▶ [Task goal]:
Leave the images out and repeat the data exactly as given.

▶ [Information shown]:
________________________

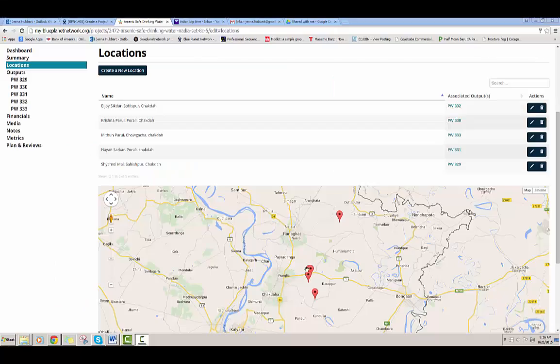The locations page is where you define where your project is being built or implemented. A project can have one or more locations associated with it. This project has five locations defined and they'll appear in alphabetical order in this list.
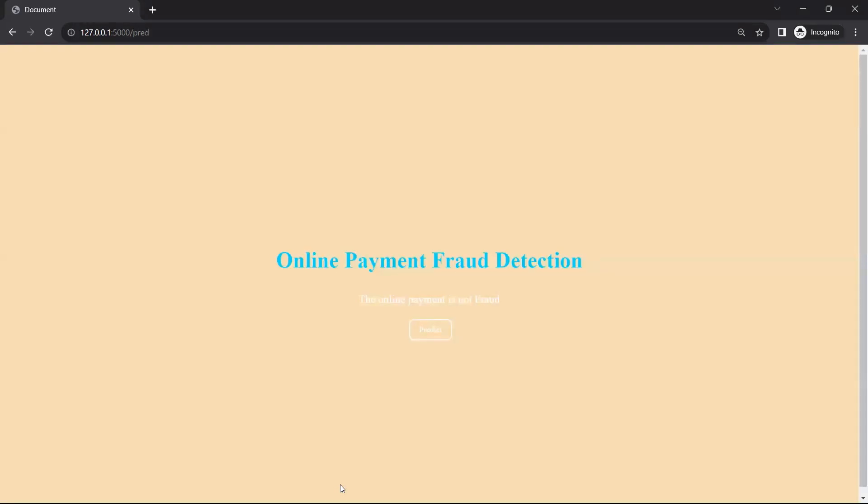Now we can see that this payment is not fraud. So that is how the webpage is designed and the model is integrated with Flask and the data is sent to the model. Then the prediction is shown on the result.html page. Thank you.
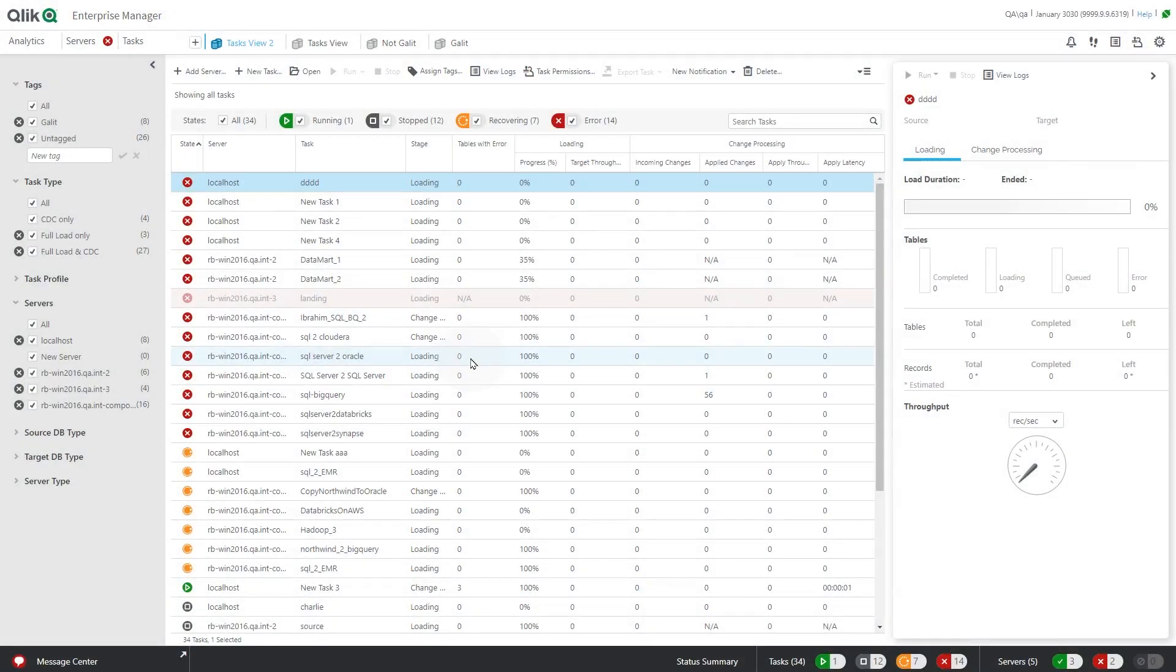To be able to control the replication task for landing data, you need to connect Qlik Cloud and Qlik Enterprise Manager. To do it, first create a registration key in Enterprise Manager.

________________________

▶ [Task output]:
The locations page is where you define where your project is being built or implemented. A project can have one or more locations associated with it. This project has five locations defined and they'll appear in alphabetical order in this list.
Now we can see that this payment is not fraud. So that is how the webpage is designed and the model is integrated with Flask and the data is sent to the model. Then the prediction is shown on the result.html page. Thank you.
To be able to control the replication task for landing data, you need to connect Qlik Cloud and Qlik Enterprise Manager. To do it, first create a registration key in Enterprise Manager.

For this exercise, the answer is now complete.